2008年08月31日

「舞人五井輝を偲ぶ会」に参列した

 今年の5月10日、63歳で舞踏家の五井輝さんが癌で亡くなった。ご本人の希望で、葬儀は身内だけで終えたという。
 きょう、踊りの仲間である武内靖彦さん、大森政秀さん、田中泯さんの呼びかけで中野富士見町のPLAN−Bで『舞人五井輝を偲ぶ会』が行われた。
 参列者全員の献花のあと、舞踊批評家の合田成男さんはじめとする何人かの方がスピーチされ、五井さんの舞台のスライドやビデオが上映された。その後、合田さんの音頭で献盃がおこなわれ、お酒や料理が振舞われた。参加者は静かに、あるいは少しにぎやかに五井さんを偲んだ。
 
 スピーチの中でも話題になっていたが、PLAN−Bは80年代に五井さんの『納屋シリーズ』の公演がおこなわれた場所であり、土方巽さんが五井さんの踊りを初めて見た場所でもある。土方さんが五井さんの踊りを見た現場には私も立ち会っているので、そのことについて少し書いておく。
 その頃私は、PLAN−Bで行う映像と談話によって土方巽さんと暗黒舞踏を紹介する企画のため、目黒のアスベスト館に通い、たくさんの写真やポスターやチラシそして小道具などを、スライドと8ミリで複写したり撮影したりしていた。その日はたぶん早めに作業が終わったのだと思う。木幡和枝さんもいた。土方さんが「きょうはPLAN−Bでなにかやっていますか」と尋ねてきた。木幡さんが五井さんの踊りがあることを伝え、五井さんについて手短に紹介した。「じゃあ見に行こう」ということになり、土方さんと木幡さんと私とでタクシーに乗り、アスベスト館からPLAN−Bに向かった。その、あまりのフットワークの軽さに驚いた。あるいは、土方さんは事前に五井さんについてなんらかの情報を得ていて、その日公演があることを知っていたのかもしれないが、今となっては本当のところはわからない。
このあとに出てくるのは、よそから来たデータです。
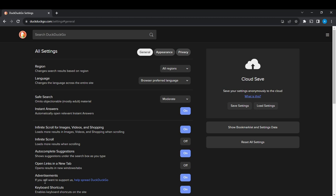It says 'If you still want to support us, help spread DuckDuckGo.' It means if you enable advertisements, then you give DuckDuckGo an opportunity to display ads which helps to support the website. But if you want to disable advertisements, just go to the command beside it.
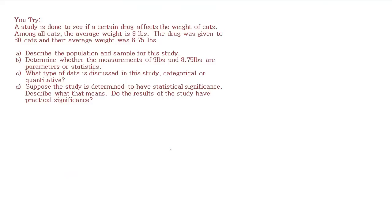Here's a problem for you to try. This one has a few parts. A study is done to see if a certain drug affects the weight of cats. Among all cats the average weight is 9 pounds, but when the drug was given to 30 cats their average weight was 8.75 pounds. So we've got some summary questions about this. Go ahead and fill out these answers and I'll see you in the next video.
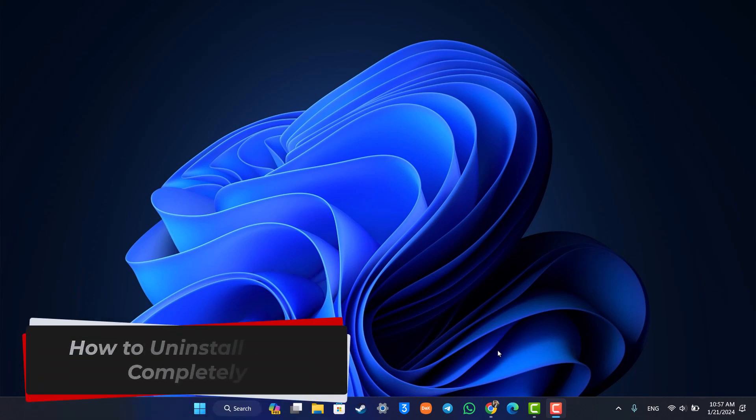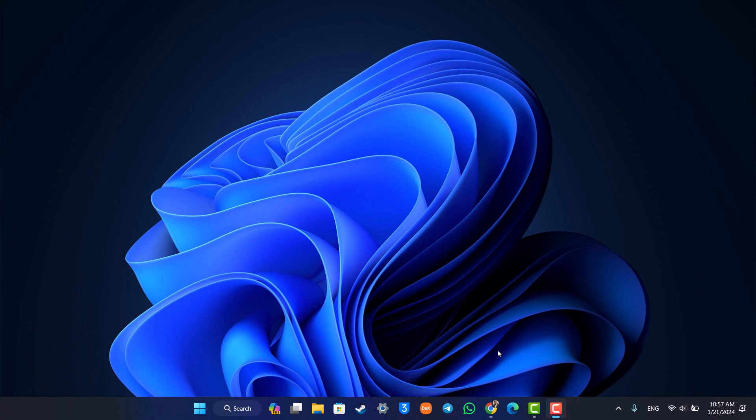How to uninstall Unity completely. Hey everyone, welcome back to our channel. In today's video we are going to learn how we can uninstall and wipe out Unity completely, so make sure to watch the video till the end.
 踊りが終わると、土方さんは真っ先に拍手をし、延々と拍手をし続けた。
 きょう偲ぶ会で木幡さんとこのときのことを話したら、「そのあとどこで飲んだっけ」と聞かれた。当時の状況を考えると、1階にあったTHE SHOPでまず飲み、それから河岸を変えたのだと思う。私はしばらくして帰ったのでわからない。五井さんと土方さんは夜通し語り、飲んだはずである。
 次の日、作業のためにアスベスト館に行き芦川羊子さんと準備をしていると、土方さんが木幡さんといっしょに戻ってきて、「芦川、きのう素晴らしいものを見たぞ」と、五井さんの踊りについて語りだした。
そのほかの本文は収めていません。